2. Refresh Your Keyword Research

Source: stoica.co

Too many small business owners:

  •   Don’t have a keyword plan of any sort
  •   Are trying to rank for keywords that they assume will help their business
  •   Are relying on keyword research that could be 2-3 years old

Your size is actually your advantage when it comes to keywording. You’re small and nimble. You can be in a position to pivot your keyword strategy to reflect market changes, or quickly take advantage of new keyword opportunities.

Keyword research has an expiration date. You will want to refresh it once a year, but if you can refresh it 2-3 times a year, you can really put yourself in a position to find (and rank for) new terms.

You can get a relatively inexpensive SEO tool to run this research and the insights you gain from these reports can go a very, very long way.

3. Clean up Your Link Profile

Source: Search Engine Land

You can also use an inexpensive tool like SEMRush to audit your backlink footprint.

Too many small business owners have no idea what external links are pointing at their domain right now. This means they may have no idea that one or two spammy links are currently hurting their SEO clout.

The quantity and quality of your site’s backlinks are a major ranking signal for Google. If you have a bad link right now, you could be paying the Penguin Penalty and not even know it. However, the good news is that the Penguin is part of Google’s core algorithm. If you clean up your link profile, it will pay off almost immediately.

4. Transition from HTTP to HTTPS

Source: Aumcore

This can be a more time-consuming venture than the previous steps we’ve discussed. However, the payoff is most certainly there.

Upgrading from HTTP to HTTPS will almost certainly help your SEO right now (it’s been a ranking signal since 2014), and quite possibly even more so after the Core Web Vitals go live in May.

It’s possible you may see a drop in the organic rankings immediately after you make the switch.
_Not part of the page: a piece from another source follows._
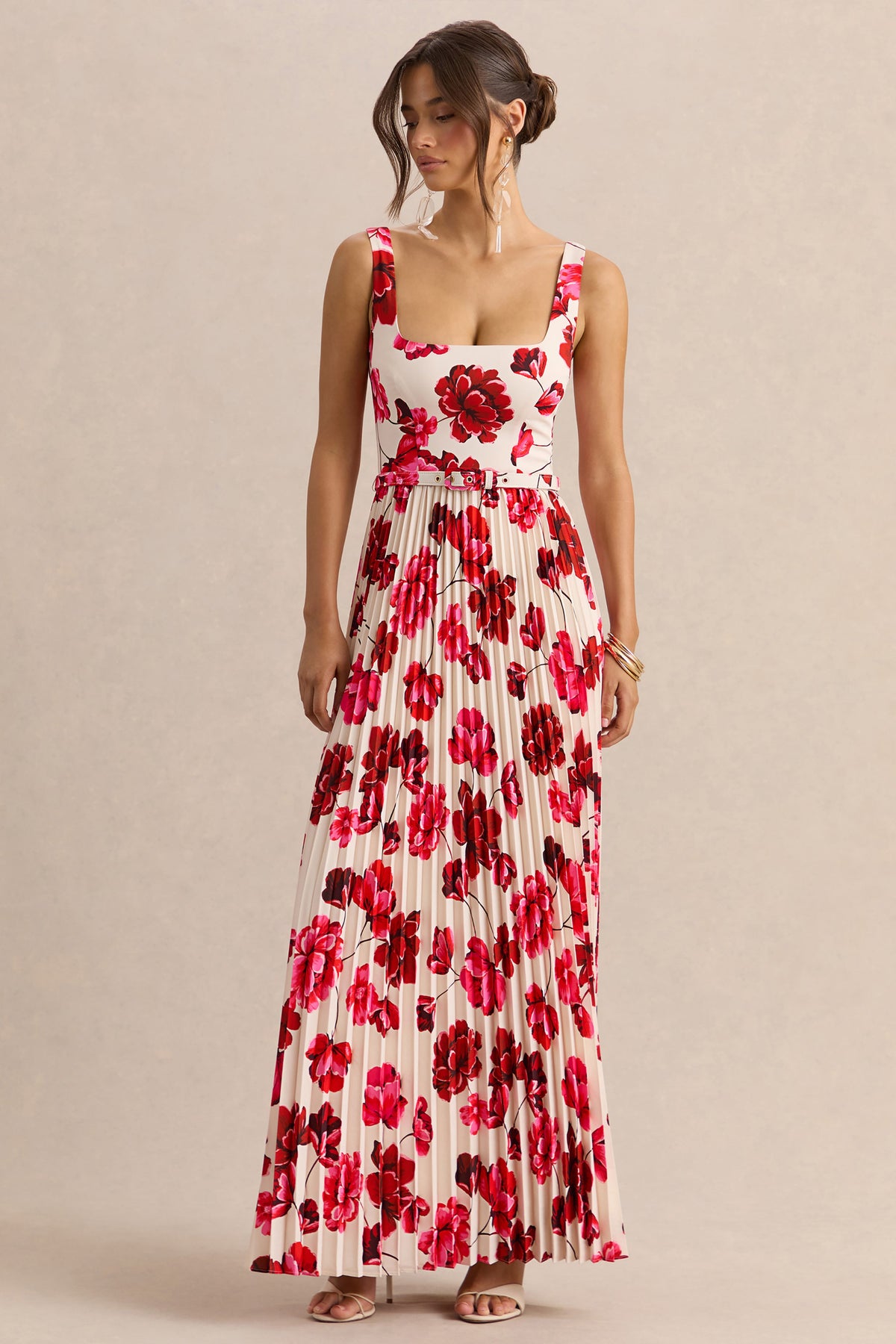 Danika | Vestido Largo Rosa intenso Estampado Floral de Escote Cuadrado con Cinturón con Falda Plisada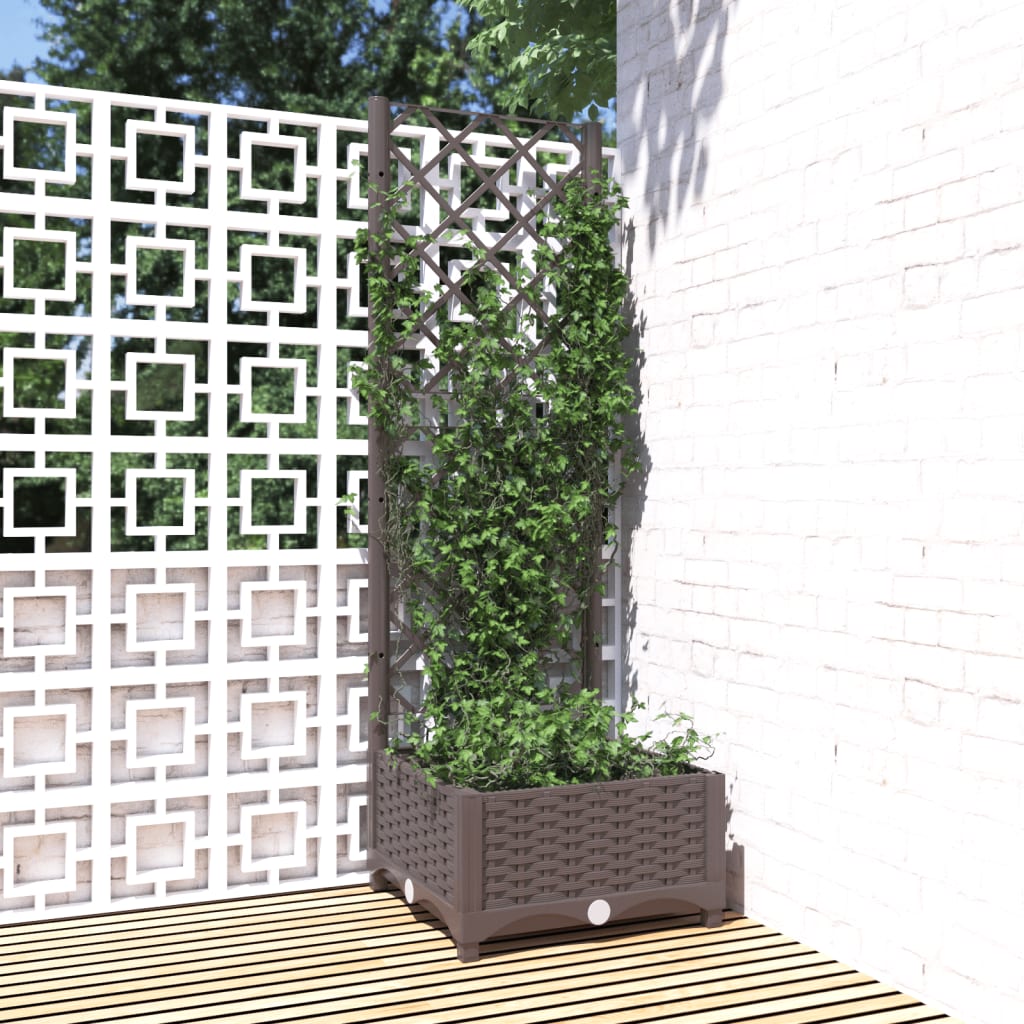 Garden Planter with Trellis Brown 40x40x121.5 cm PP - Unbeatable Bargains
However, you can recover and this move will pay off over the long-term.

The benefits of upgrading go well beyond SEO. Making this transition will simply give you a much more secure site, which will:

  •   Protect your site from hacks and attacks
  •   Protect your users against man-in-the-middle (MitM) attacks
  •   Instil more confidence in your users. A lot of people will leave an unsecured sight right away
  •   Help your business and your brand look more professional

If you haven’t done this yet, you’re a little bit overdue and this should be high on your priority list.

5. Improve Your Mobile Experience

Source: Ongig Blog

Mobile-first indexing is now the norm for Google. They will look at your mobile site before they look at your desktop site. This means that your mobile site needs to be as well-optimized as your desktop, if not better.

We have talked about the need for your mobile site to be fast, so that’s obviously the top priority. However, you need to take a look at the entire mobile experience. Google’s mobile-friendliness test can help you find any glaring issues. However, you might want to take a deeper look.

Ask yourself:

  • Is the text easy to read?
  • Is there enough text for Google to crawl?
  • Are there enough internal links to encourage Google to crawl the whole site?
  • Are the buttons and links well-spaced, or is it too easy to push another one by mistake?
  • Are cumbersome interstitial ads making it impossible for our users to interact with the page?

You cannot treat your mobile site as an afterthought. Mobile-first indexing means mobile-first planning.

These are all reasonably affordable and potentially impactful SEO tactics. Which one is the best? That’s impossible to say, because ignoring one can easily sabotage the others. For example, good keywords could be ruined by slow site speeds, or vice versa.

If you can commit to investing time and attention into all 5 of these areas, that’s far more attention than the average small business owner puts into their SEO.